__Task objective__. Could you retype exactly the lines below between the one holding "Fluid hidratant Avene" and the one holding "Marcin Mroczek, dzieci", inclusive, leaving out any pictures?

__Supplied records__.

· · · ·

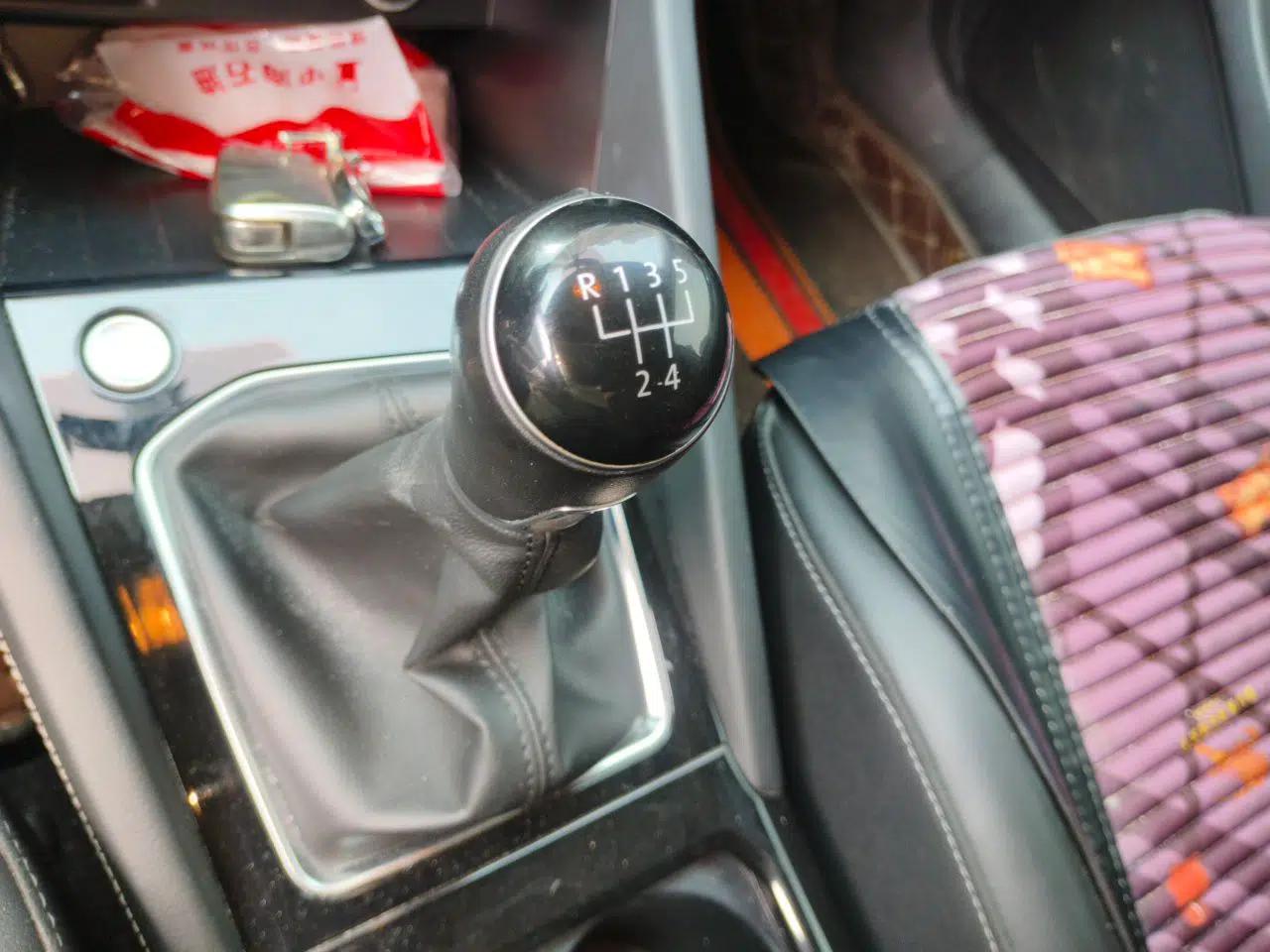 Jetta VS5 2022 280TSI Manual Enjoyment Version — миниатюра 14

· · · ·

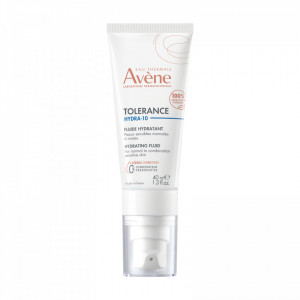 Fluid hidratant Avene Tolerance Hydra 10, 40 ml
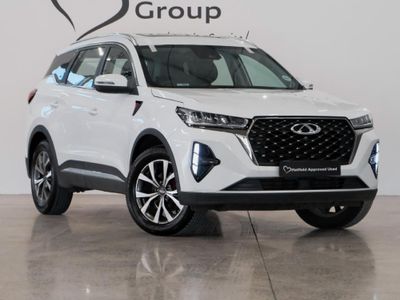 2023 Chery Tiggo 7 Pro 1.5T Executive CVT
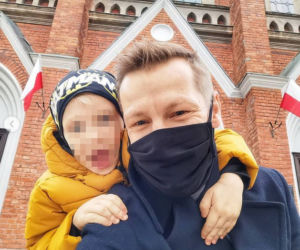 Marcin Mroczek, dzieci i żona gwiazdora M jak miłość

· · · ·

__Solution__.
 Fluid hidratant Avene Tolerance Hydra 10, 40 ml
 2023 Chery Tiggo 7 Pro 1.5T Executive CVT
 Marcin Mroczek, dzieci i żona gwiazdora M jak miłość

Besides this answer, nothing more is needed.